Still, Ed seemed to like me fine, and that was good enough for Elizabeth: she fed me right along with the rest of the family. Ed grew up three miles down the road from his grandparents and spent many happy days eating freshly fried chicken and as many ice cream sandwiches as he could manage at their kitchen table. Elizabeth didn’t talk about how she felt, or how you felt, or what was wrong with the world today; she was busy putting more potatoes on your plate and checking to see if you needed more chicken. She was a pragmatist, by necessity—dreamers in her time didn’t have a great survival rate. After all, there was too much work to do: there were parents, and grandparents, and if you were very, very lucky, children, to care for. Elizabeth did what was expected of her: she tucked her own dreams away and nurtured those of her children.

And Elizabeth loved children. She taught them handwriting and prayers and how to slaughter a chicken neatly. She fried piles and piles of salt fish and potatoes at four-thirty a.m. on winter mornings so “the boys” (she’d had two, three counting her husband) would have a good breakfast before they set out hunting. Both of her sons married spirited women who may have wanted their husbands home on chilly winter mornings, and as the years passed, Elizabeth found herself preparing fewer and fewer early-morning fish feasts.

When I came to the family, Elizabeth and I developed a heartfelt, if timid, affection for one another. We didn’t really speak one another’s language, but eventually I learned to shift my conversation to weather predictions and local news, and she learned that I was not judging her on the tenderness of her chicken or the tartness of her fig preserves. We became allies in the muddy world of multi-generational family allegiances, and by the time Elizabeth became a resident of Hillside House, she was much more like my own grandmother than any kind of in-law.
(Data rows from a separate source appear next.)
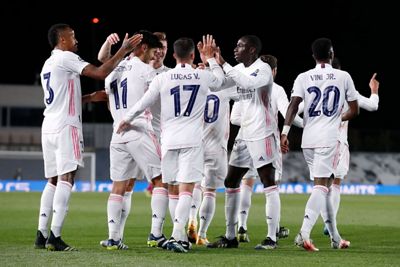 real madrid - liverpool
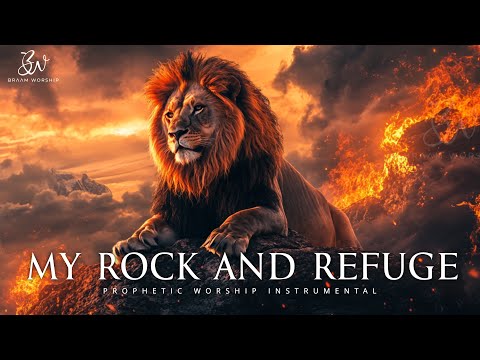 My Rock And Refuge - Prophetic Worship Music Instrumental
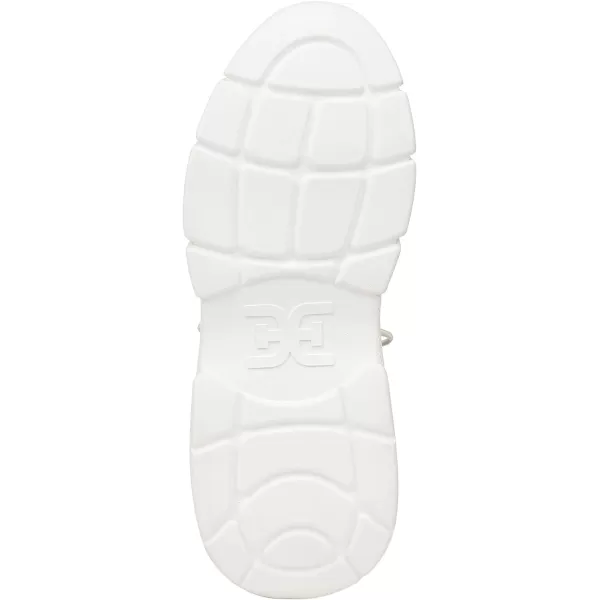 Sam Edelman Womens Chelsie SneakerSummer SkyBlue MistModern Ivory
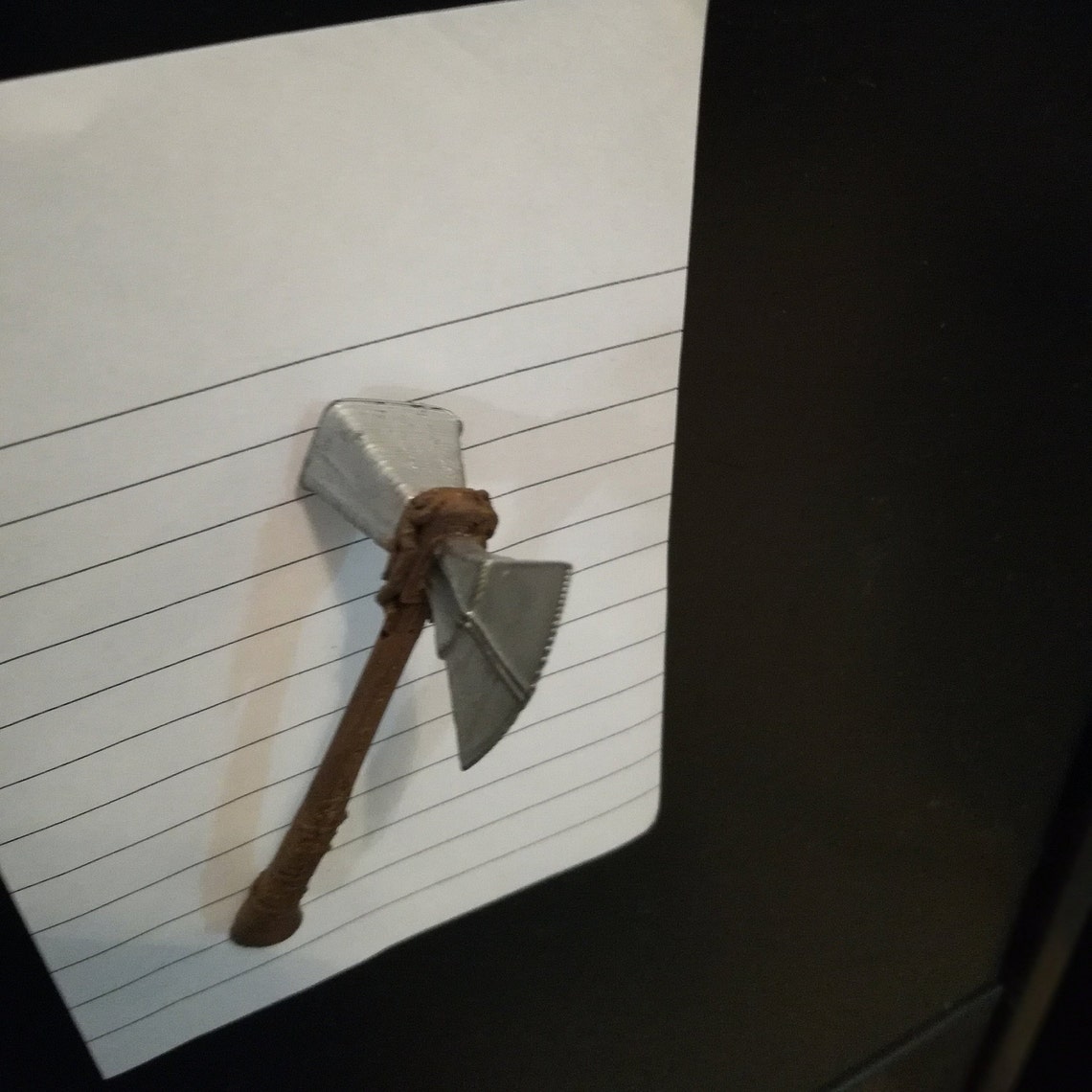 Thor Hammer And Stormbreaker Fridge Etsy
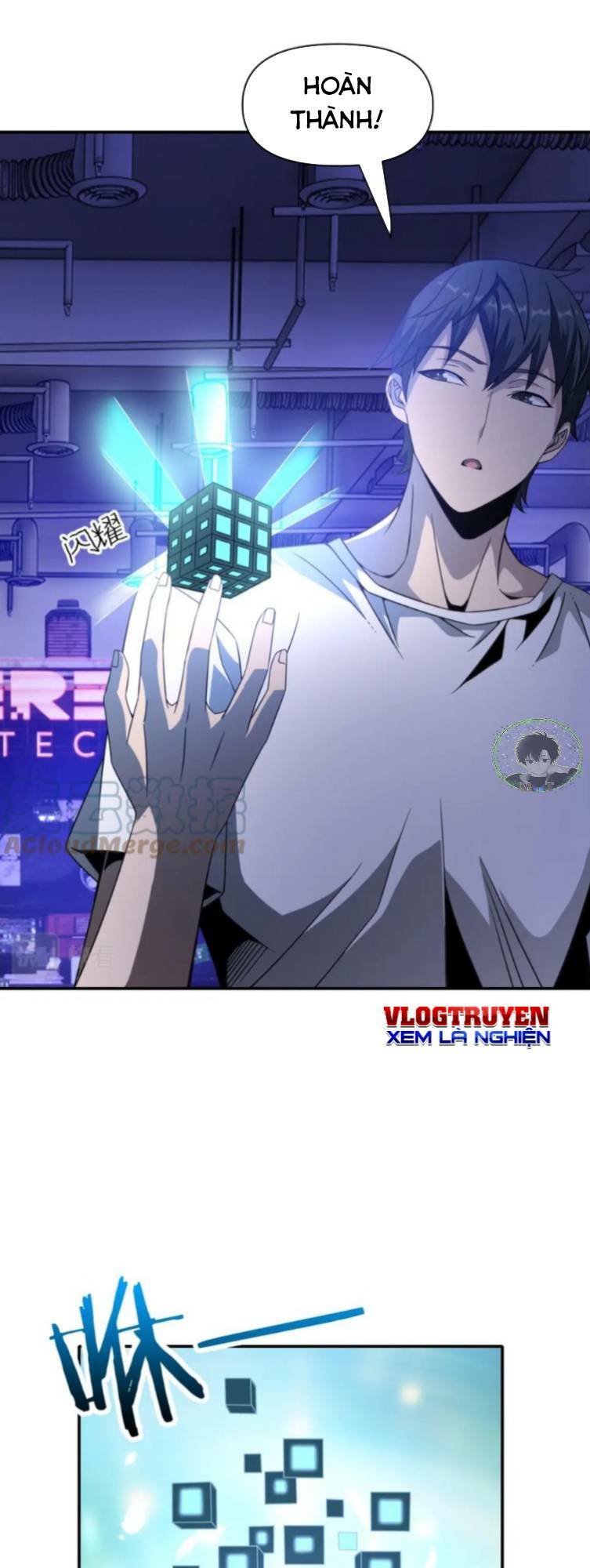 Ta Mắc Kẹt Ở Ngày Này Đã 3000 Năm: Chapter 21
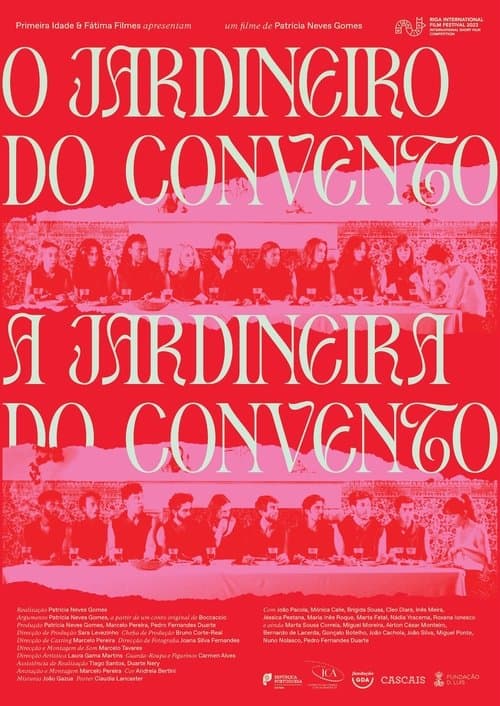 The Convent Gardener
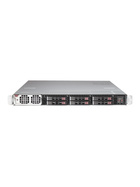 Supermicro SuperServer SYS-1019GP-TT 1U max. 1.5TB 2x10GbE 2xGPU 6x2,5" Rack-WS S3647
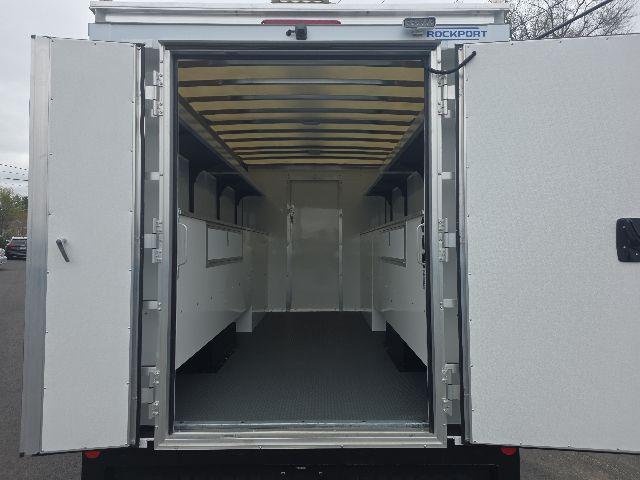 2026 Ford Transit Cutaway Base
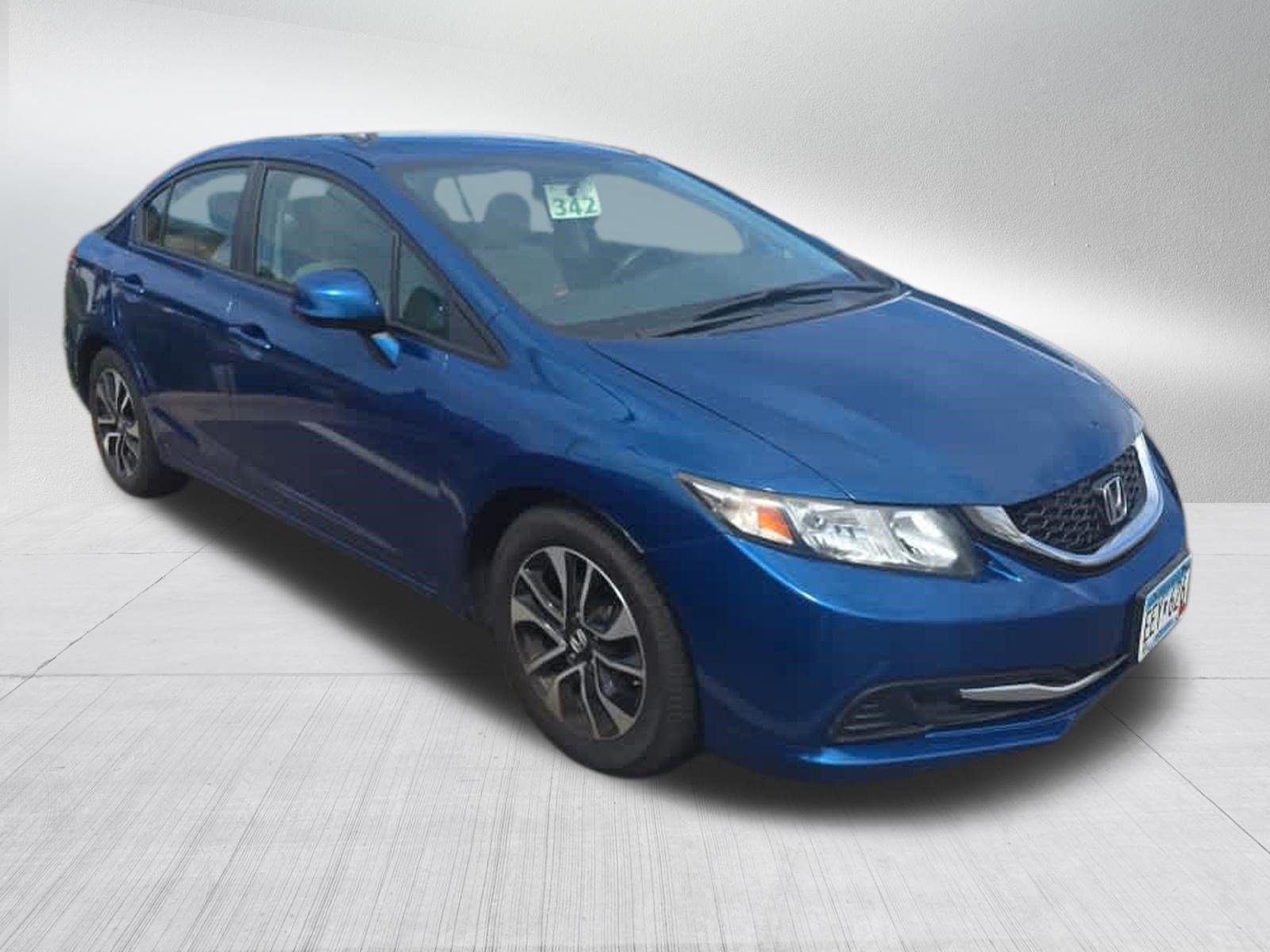 Used 2013 Honda Civic EX image 3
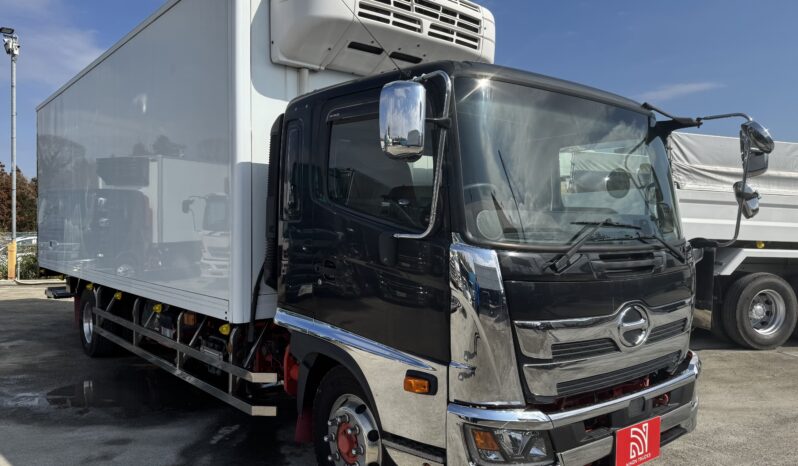 
								レンジャー　東プレ冷凍機　黒 full									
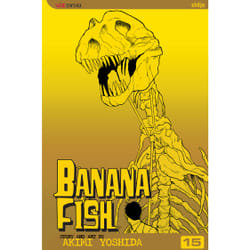 ISBN Banana Fish, Vol. 15 Livre de poche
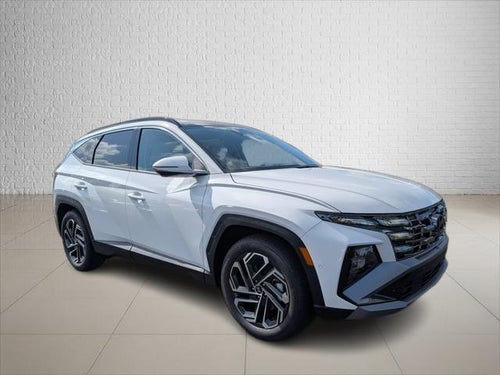 2026 Hyundai TUCSON Limited FWD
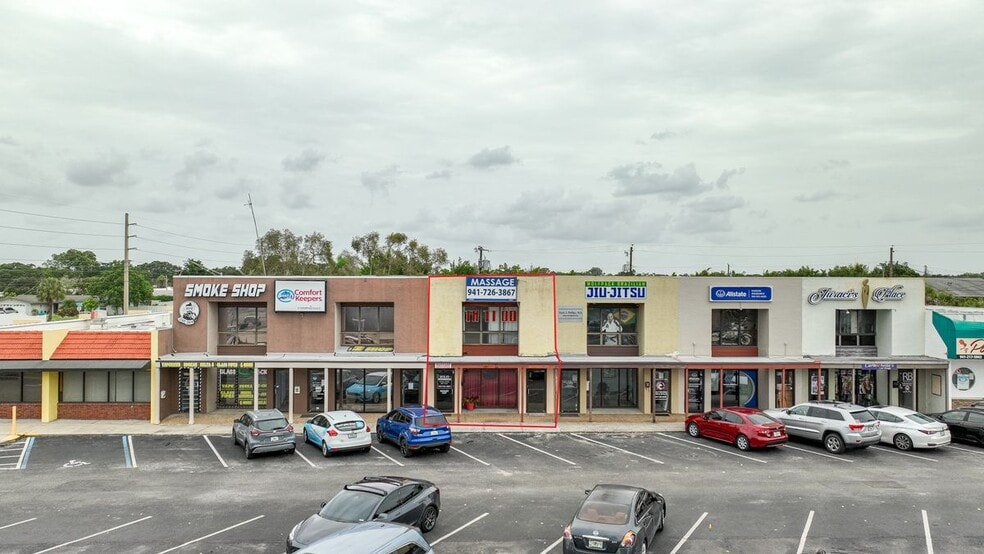 More Photos Of 3623-3650 Webber St, Sarasota Storefront Retail Office For Sale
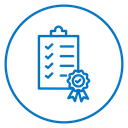 Quality check icon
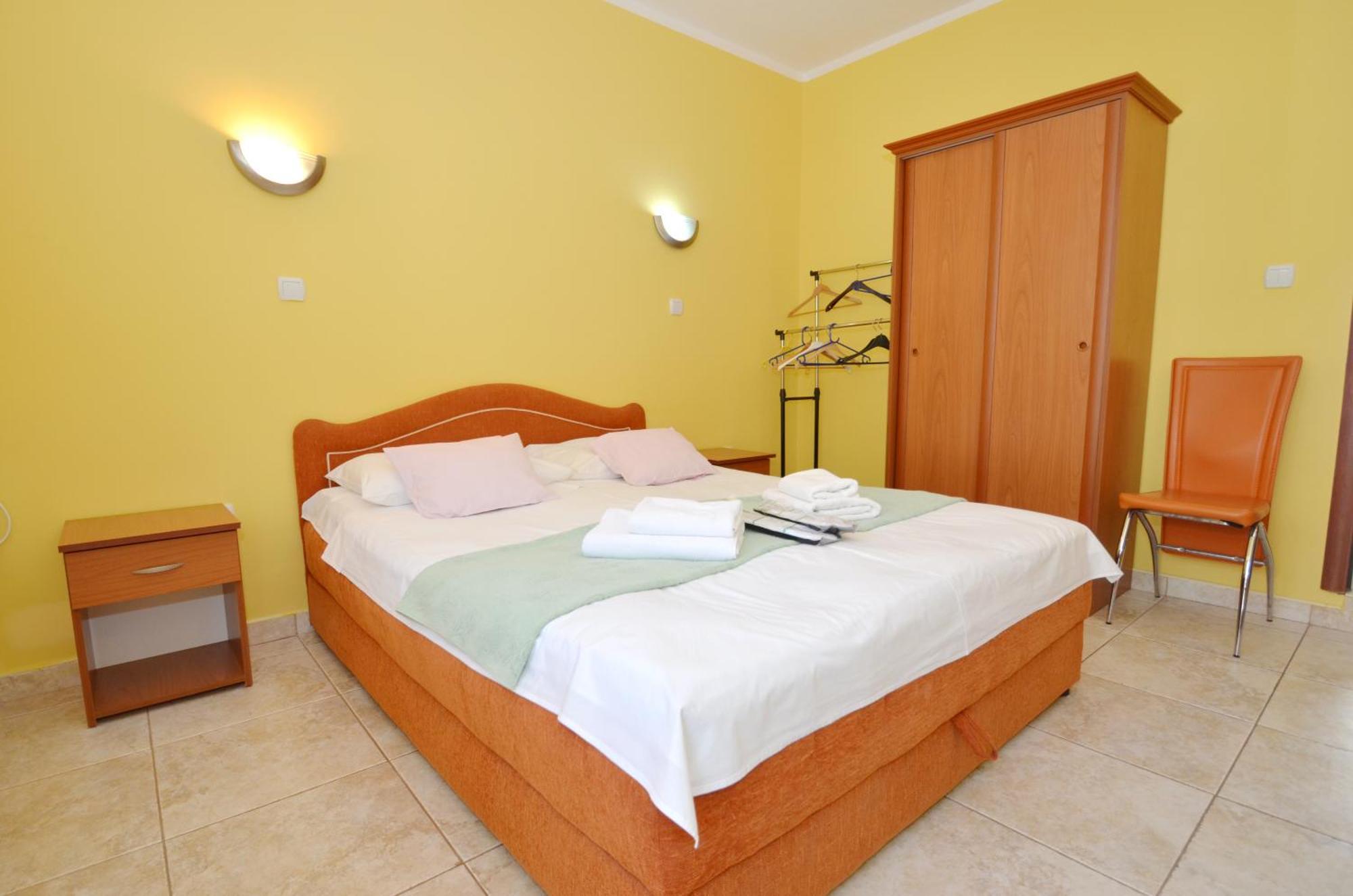 Apartments Dinko Zifra Tivat Exterior photo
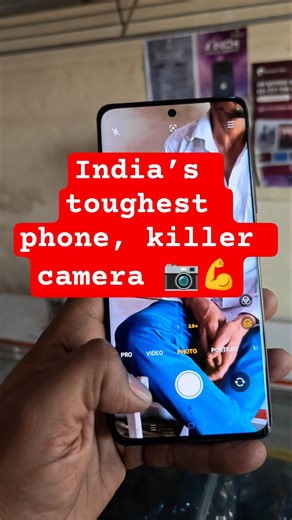 OPPO F27 Pro+ Camera Test 📸 | Waterproof Phone ka Powerful Camera 😍🔥 #shorts #youtubeshorts #oppo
About three months before Elizabeth got sick enough for anyone to notice, I learned I was pregnant with my first child. This was a considerable relief to everyone involved. Initially, our families feared that our lickety-split trip to the altar indicated that a “six month” baby was on the way. After a year, there was no baby. Several years passed, in fact, with no baby, and family members began to wonder whether we were incapable of reproducing or just too selfish. Ed and I kind of wondered ourselves, so when we learned a wee one was on the way, we leaned into the future with happy resignation and notified our parents and grandparents accordingly. The ensuing excitement was tinged with achy sorrow as Elizabeth’s illness unfolded parallel to my pregnancy.

•••

So there we were: Elizabeth, wondering how she’d ended up in this silly establishment full of old people and food without nearly enough seasoning, and me, wondering kind of the same thing.

One afternoon, as we sat in a sunny spot on the back terrace, a tiny, hunched-over woman who I’ll call Miss Emily shuffled by. As she went back in, she threw us an accusing look, as if we’d just pelted her car with raw eggs or something like that.

“What’s wrong with her?” I asked. “Are we sitting at her table?”

Elizabeth snorted, coughing a little in the process. “Aw, don’t worry about her. She’s always on a tear.”

“Why?”

“I don’t rightly know, honey. She won’t talk to anybody. She just rushes around here like somebody’s after her.” Elizabeth sipped her chamomile tea. “It sure is aggravating, I’ll tell you that.”

I saw her point.

•••

A few weeks later, Hillside House had become much more familiar to me. It felt less like a college dormitory, and more like the set for an episode of The Twilight Zone. At first, everything had seemed pretty normal. Which I guess it was, since aging and death are normal realities. Still, it’s outside the norm to find a whole building purposed for housing folks in this chapter of life, and there was a certain sensibility that colored the residents and their visitors accordingly.

For example, we’d gotten used to a woman I’ll call Miss Agnes, who sat on the loveseat in the corner, singing, “I’m ready, I’m ready, I’m ready for my ice cream.” Sometimes she got a little pissed and sang louder, in a growly tenor: “I’m READY. READY. READY FOR ICE CREAM.” And so on. The nursing assistants spoke to Miss Agnes gently, and would sometimes guide her to the next activity or simply let her chant the day away, dreaming of ice cream.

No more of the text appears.